Updated at 1:10 p.m. ET
Sen. Herb Kohl of Wisconsin announced his retirement today, making him the sixth senator from the Democratic caucus who won't be seeking re-election next year.
"Even though I continue to love this job, I have decided that the time has come to give someone else the opportunity to serve," Kohl said at his Milwaukee Senate office this morning. "Therefore, I am announcing today that I will not seek another term as your Senator. Rather, I will devote all my energy and time in the next 19 months to continuing to serve the people of our state."
The fourth-term senator's retirement could create a competitive Senate contest in what will already be a challenging year for Democrats. The Democratic party currently holds 53 seats in the Senate and must defend 23 seats in the 2012 election.

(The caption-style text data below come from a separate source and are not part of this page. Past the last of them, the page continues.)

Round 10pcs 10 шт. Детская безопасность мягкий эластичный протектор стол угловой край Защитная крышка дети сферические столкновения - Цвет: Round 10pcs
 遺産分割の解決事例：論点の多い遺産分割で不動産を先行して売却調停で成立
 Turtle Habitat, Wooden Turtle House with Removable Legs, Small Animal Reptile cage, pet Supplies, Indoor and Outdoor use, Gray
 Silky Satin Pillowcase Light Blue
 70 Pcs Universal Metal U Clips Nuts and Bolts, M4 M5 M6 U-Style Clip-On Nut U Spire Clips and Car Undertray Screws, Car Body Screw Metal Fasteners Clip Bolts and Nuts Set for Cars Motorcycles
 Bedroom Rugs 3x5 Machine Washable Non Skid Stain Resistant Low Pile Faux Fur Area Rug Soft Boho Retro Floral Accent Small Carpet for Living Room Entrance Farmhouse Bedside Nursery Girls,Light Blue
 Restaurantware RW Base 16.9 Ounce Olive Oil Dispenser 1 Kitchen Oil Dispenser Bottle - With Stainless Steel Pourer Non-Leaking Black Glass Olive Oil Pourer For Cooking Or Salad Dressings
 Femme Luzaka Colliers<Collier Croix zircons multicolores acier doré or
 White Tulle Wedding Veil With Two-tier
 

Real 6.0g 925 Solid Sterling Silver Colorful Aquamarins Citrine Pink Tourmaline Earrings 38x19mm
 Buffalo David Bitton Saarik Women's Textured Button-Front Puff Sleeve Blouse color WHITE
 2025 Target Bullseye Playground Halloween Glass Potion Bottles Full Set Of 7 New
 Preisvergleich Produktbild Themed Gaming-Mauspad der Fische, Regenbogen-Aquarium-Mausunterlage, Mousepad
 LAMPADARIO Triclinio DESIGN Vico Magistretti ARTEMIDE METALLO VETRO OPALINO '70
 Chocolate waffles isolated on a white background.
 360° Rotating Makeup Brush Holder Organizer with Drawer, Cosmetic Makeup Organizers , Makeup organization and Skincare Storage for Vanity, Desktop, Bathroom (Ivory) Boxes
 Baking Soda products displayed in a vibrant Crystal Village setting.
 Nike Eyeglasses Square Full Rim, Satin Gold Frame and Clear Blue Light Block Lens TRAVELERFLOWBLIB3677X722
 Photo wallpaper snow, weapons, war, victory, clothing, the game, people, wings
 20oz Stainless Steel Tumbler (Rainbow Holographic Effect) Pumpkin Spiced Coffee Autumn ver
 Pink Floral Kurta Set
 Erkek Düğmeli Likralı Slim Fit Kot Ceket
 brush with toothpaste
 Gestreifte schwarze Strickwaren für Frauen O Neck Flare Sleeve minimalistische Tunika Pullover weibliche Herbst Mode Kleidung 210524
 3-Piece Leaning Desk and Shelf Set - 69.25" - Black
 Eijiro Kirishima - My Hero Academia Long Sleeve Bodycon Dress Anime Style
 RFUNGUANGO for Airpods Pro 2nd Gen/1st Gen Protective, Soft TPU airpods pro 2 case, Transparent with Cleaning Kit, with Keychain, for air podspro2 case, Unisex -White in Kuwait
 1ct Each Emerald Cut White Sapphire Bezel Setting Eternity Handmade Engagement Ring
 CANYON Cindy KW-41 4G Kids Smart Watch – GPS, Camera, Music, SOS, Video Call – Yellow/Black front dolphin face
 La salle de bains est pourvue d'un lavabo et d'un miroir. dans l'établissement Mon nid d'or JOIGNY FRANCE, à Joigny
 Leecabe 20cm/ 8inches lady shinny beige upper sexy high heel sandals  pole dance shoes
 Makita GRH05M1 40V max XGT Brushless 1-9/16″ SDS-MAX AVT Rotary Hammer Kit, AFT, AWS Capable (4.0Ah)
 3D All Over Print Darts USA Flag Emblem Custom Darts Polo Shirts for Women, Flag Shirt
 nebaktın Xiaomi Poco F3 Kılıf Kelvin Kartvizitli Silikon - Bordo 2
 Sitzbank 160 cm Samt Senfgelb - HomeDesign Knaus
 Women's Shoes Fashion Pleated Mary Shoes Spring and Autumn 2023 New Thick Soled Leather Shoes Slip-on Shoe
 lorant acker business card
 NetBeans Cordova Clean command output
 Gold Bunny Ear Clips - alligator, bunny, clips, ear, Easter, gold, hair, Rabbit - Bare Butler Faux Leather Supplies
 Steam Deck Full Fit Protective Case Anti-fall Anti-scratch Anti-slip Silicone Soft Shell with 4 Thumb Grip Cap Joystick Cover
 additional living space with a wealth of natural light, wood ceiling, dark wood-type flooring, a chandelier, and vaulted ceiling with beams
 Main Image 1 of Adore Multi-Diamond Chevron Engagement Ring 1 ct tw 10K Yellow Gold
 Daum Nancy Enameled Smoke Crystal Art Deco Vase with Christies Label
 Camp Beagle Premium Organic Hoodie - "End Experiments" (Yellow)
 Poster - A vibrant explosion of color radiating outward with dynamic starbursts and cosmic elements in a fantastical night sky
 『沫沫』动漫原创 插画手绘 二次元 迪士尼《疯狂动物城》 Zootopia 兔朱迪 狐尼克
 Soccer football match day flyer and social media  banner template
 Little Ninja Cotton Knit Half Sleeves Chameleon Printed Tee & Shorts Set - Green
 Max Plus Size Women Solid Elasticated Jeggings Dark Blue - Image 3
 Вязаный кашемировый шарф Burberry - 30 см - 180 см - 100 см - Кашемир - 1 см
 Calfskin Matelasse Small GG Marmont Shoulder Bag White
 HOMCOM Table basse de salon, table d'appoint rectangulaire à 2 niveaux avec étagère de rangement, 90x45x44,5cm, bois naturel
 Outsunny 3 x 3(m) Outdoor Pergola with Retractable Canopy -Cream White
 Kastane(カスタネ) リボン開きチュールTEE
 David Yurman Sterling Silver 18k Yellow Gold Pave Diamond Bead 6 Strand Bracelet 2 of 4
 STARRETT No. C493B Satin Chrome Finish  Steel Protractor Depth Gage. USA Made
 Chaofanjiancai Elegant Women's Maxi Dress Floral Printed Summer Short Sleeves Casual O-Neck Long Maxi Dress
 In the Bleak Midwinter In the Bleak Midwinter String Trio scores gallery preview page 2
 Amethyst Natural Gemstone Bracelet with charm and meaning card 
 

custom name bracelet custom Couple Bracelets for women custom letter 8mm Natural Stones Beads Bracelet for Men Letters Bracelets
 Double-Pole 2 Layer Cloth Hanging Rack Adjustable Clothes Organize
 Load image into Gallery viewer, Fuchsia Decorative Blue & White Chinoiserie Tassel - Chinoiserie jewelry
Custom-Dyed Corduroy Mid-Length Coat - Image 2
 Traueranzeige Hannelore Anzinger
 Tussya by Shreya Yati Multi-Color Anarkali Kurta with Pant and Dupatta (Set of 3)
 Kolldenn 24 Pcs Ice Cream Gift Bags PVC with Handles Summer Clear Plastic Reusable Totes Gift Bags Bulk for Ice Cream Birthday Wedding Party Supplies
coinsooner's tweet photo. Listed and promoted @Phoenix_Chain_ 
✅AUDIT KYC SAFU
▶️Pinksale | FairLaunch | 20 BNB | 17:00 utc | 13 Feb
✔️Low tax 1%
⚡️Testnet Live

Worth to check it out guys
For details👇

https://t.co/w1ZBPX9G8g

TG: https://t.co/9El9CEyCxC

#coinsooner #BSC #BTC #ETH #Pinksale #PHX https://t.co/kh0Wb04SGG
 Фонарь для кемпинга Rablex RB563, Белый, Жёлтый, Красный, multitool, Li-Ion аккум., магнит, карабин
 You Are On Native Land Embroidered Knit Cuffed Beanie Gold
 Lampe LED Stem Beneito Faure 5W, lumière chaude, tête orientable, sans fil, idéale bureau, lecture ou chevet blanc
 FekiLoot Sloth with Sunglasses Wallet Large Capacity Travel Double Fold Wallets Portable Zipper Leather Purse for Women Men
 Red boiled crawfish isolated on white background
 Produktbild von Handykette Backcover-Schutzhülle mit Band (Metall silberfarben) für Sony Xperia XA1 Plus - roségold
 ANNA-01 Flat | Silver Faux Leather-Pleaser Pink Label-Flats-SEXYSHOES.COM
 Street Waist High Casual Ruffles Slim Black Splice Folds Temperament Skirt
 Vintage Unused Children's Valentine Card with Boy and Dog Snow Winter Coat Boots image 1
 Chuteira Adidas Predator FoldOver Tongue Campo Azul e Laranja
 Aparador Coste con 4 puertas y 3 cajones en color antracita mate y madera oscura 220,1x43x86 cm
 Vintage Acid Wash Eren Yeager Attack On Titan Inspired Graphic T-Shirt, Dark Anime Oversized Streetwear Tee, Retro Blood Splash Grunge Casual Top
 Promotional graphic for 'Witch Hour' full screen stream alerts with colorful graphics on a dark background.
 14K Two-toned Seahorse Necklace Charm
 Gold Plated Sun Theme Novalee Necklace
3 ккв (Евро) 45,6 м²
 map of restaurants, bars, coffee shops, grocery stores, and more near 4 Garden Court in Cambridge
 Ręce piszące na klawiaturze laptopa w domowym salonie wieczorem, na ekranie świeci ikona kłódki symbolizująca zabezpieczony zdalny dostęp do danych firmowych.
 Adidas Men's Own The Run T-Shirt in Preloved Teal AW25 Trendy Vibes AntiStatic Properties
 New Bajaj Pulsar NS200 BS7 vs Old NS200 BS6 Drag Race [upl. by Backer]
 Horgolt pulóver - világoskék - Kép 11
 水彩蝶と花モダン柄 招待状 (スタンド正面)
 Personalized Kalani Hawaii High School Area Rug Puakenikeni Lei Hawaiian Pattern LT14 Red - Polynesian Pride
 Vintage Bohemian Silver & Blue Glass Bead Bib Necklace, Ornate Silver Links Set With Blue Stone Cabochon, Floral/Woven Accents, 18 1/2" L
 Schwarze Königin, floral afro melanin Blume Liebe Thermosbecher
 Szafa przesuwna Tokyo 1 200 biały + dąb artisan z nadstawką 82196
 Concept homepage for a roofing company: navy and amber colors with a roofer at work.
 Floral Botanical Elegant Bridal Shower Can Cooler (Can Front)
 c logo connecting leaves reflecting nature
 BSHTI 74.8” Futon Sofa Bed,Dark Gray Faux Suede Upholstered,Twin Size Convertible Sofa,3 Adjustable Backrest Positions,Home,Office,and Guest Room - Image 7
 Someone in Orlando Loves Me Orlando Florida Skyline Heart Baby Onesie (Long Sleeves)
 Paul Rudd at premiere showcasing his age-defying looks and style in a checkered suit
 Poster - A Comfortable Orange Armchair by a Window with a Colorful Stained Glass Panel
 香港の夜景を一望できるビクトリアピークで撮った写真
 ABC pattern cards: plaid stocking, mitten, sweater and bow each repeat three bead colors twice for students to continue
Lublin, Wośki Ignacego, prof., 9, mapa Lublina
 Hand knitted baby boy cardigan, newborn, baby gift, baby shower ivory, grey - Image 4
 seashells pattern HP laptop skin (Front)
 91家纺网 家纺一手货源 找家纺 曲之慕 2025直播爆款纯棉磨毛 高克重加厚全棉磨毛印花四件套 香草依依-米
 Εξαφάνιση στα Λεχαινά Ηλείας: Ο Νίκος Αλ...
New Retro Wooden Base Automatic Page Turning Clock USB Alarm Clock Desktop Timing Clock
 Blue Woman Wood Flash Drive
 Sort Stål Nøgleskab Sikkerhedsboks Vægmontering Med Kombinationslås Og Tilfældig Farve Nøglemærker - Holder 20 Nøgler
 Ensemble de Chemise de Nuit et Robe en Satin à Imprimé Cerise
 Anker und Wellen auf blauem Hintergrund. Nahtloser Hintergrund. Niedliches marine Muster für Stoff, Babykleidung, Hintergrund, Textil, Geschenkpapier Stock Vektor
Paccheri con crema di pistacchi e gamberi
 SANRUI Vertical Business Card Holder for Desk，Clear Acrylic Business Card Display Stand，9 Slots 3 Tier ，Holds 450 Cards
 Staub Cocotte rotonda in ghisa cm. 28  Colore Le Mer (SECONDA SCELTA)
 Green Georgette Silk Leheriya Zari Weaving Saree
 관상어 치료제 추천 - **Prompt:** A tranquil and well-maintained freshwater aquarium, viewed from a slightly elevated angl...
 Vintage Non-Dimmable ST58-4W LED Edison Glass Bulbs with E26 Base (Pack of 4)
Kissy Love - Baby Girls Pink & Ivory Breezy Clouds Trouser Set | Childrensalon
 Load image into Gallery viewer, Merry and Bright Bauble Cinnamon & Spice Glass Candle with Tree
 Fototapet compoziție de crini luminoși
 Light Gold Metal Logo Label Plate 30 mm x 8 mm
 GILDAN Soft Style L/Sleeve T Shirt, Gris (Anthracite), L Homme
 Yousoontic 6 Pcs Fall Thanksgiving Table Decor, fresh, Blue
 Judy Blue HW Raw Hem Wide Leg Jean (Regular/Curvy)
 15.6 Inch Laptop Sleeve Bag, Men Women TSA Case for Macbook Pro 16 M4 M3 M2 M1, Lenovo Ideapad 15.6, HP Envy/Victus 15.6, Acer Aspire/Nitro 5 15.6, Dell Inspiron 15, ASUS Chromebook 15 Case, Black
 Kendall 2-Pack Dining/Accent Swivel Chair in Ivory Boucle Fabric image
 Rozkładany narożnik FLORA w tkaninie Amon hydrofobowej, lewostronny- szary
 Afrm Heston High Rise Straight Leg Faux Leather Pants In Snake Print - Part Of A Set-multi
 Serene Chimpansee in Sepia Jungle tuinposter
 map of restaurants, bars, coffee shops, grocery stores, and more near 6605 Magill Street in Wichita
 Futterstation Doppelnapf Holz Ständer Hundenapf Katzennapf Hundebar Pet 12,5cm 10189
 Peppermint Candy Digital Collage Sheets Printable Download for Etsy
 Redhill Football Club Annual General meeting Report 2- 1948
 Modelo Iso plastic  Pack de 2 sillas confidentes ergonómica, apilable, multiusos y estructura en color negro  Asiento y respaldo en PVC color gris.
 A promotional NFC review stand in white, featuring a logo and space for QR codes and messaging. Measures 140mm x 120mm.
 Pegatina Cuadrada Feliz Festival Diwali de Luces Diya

Republicans, by contrast, must defend only 10 seats.
Brian Walsh, a spokesman for the National Republican Senatorial Committee (NRSC), said in a statement that Kohl's retirement "further dilutes the ability of national Democrats to go on offense, while they fight to maintain their dwindling Senate majority."
"Senator Kohl's retirement, just like his Democrat colleagues who stepped aside before him, immediately presents another key opportunity for Senate Republicans next year," Walsh said.
Wisconsin has, over the past year, proven to be a fiercely competitive political battleground. Republicans made strong gains in the 2010 midterm elections, winning a Senate seat and the governor's office, among other races. But as the Wisconsin GOP attempted to institute its agenda, Republican lawmakers faced afrom voters upset over some policy changes, chief among them new limits on labor union rights.
In a statement today, Senate Majority Leader Harry Reid praised Kohl and addressed the electoral landscape in Wisconsin. "We know that Wisconsin is dealing with unique challenges today. But Republicans have created an environment in the state where any one of our qualified, Democratic candidates can win," he said.
Added Democratic Senatorial Campaign Committee Chairwoman Sen. Patty Murray, "If there's one place in the country where Republicans have overplayed their hand it's in the state of Wisconsin, and that gives Democrats an even better opening to hold this seat."
Before joining the Senate in 1988, Kohl worked as an investor and founded the Kohl's grocery and department stores. The 76-year-old is also the owner of the Milwaukee Bucks NBA franchise. His personal fortune was a clear advantage in his political career, and Democrats may have to invest more money into Wisconsin in 2012 now that he is retiring.